Speaker

Mitch Holland

Associate Professor, Biochemistry and Molecular Biology, Eberly College of Science, Pennsylvania State University

Sessions Presenting

Submit Questions

Speaker

Mitch Holland

Associate Professor, Biochemistry and Molecular Biology, Eberly College of Science, Pennsylvania State University

Dr. Holland holds a B.S. in Chemistry from Hobart Collage, a Ph.D. in Biochemistry, and was a Postdoctoral Fellow at the Johns Hopkins University School of Medicine where he studied Human Genetics.  He is a Fellow in the American Academy of Forensic Sciences, and has served as an associate professorial lecturer and adjunct faculty member at various colleges and universities.  Dr. Holland has been on the Editorial Board of the Journal of Forensic Sciences and a member of the Advisory Board of the International Journal of Legal Medicine.  He has held numerous positions on governmental and company advisory boards and has been recognized by the FBI and others for his work.

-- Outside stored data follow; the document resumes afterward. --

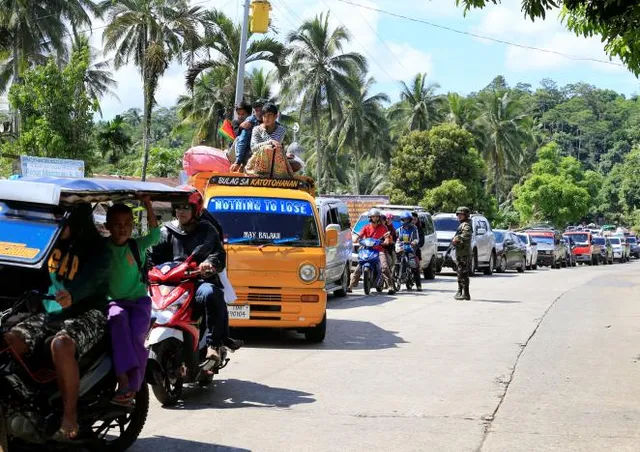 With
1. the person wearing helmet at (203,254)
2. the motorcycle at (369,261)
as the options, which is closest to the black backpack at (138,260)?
the person wearing helmet at (203,254)

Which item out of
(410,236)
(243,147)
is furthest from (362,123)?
(243,147)

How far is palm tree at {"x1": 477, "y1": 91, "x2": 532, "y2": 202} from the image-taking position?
7481 centimetres

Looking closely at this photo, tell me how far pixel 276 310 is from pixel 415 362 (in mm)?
2014

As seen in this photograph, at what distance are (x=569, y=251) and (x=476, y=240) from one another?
898 inches

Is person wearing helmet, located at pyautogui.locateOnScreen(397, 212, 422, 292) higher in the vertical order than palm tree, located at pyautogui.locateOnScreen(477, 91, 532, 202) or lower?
lower

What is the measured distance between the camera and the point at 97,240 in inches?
238

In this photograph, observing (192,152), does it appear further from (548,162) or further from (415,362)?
(548,162)

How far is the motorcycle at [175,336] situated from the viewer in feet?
25.1

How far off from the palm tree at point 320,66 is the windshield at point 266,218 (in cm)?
4162

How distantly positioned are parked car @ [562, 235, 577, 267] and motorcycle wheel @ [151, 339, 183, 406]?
4523cm

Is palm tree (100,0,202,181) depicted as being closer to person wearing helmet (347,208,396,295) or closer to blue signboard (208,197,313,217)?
person wearing helmet (347,208,396,295)

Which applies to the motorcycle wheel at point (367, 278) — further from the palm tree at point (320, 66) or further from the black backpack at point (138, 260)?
the palm tree at point (320, 66)

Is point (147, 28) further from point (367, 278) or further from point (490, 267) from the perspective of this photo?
point (367, 278)

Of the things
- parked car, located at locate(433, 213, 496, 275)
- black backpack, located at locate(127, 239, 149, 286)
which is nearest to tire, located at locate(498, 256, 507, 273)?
parked car, located at locate(433, 213, 496, 275) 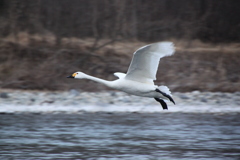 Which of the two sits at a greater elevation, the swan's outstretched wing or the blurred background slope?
the blurred background slope

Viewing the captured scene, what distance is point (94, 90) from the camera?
1825cm

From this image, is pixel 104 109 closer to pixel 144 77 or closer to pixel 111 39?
pixel 144 77

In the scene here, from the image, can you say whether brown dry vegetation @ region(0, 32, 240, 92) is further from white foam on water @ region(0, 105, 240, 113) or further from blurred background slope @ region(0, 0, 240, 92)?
white foam on water @ region(0, 105, 240, 113)

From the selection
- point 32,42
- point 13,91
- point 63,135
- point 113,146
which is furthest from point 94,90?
point 113,146

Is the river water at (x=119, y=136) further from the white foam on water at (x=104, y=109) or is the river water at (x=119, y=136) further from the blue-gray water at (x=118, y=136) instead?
the white foam on water at (x=104, y=109)

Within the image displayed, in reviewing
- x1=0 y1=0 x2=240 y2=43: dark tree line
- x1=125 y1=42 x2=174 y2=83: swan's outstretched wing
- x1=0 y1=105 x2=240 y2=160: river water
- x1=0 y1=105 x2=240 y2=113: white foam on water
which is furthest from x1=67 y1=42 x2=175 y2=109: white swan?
x1=0 y1=0 x2=240 y2=43: dark tree line

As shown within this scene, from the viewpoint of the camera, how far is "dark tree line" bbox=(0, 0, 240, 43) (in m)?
21.5

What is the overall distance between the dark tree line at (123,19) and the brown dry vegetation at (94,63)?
496 millimetres

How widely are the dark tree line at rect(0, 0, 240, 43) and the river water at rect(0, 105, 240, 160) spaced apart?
6869 millimetres

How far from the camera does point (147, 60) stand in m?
9.87

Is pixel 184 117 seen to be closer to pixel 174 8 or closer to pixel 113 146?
pixel 113 146

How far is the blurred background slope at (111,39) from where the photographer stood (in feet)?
63.4

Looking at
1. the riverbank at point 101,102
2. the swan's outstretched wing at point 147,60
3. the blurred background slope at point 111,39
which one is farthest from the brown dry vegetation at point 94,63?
the swan's outstretched wing at point 147,60

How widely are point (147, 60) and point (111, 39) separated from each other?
11.7m
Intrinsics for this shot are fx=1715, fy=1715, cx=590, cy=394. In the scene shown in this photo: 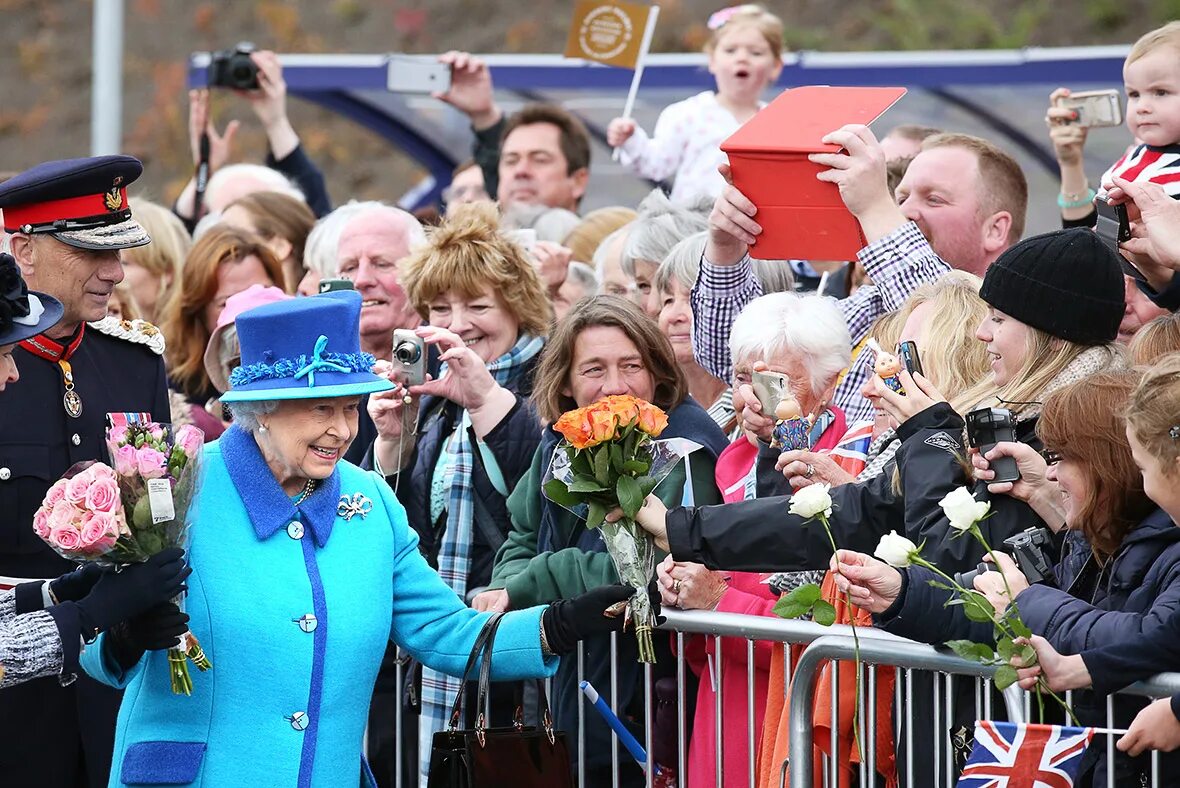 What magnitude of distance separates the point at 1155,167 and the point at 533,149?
3.62 m

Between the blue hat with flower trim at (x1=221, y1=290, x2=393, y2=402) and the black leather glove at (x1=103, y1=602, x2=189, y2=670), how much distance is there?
53cm

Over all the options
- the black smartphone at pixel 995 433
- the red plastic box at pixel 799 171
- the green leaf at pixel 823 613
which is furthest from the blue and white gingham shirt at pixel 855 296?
the green leaf at pixel 823 613

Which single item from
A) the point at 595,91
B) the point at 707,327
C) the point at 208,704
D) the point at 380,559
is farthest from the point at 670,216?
the point at 595,91

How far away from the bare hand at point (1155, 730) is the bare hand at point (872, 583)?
62cm

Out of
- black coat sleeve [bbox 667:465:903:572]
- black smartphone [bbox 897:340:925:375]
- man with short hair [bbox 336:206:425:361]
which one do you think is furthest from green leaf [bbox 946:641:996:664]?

Prior to coming to Penn State in 2005 to help develop the Forensic Science program, Dr. Holland was the Senior Vice President of Operations and Laboratory Director of The Bode Technology Group.  At Bode, he led the efforts to produce DNA profiles from victim remains recovered from Ground Zero (World Trade Centers) following the terrorist attacks of 9/11.  From 1991-2000, he held various positions at the Armed Forces DNA Identification Laboratory in Rockville, Md., including Scientific Laboratory Director from 1993-2000.  At AFDIL, Dr. Holland led the efforts to identify the remains of 1st Lt Michael Blassie (the Vietnam Unknown Soldier) and Nicholas Romanov, the last Russian Tsar.

Dr. Holland’s research group is focused on advancing forensic DNA applications.  Much of his research involves basic discovery in the area of mitochondrial (mt) DNA genetics; for example, leveraging the power of massively parallel sequencing (MPS) to measure rates of mtDNA heteroplasmy in different population groups, to evaluate the transmission of heteroplasmic variants between maternal relatives and tissue types, to assess the impact of damage on the interpretation of low-level heteroplasmic variants, and to develop software solutions for analysis of MPS data.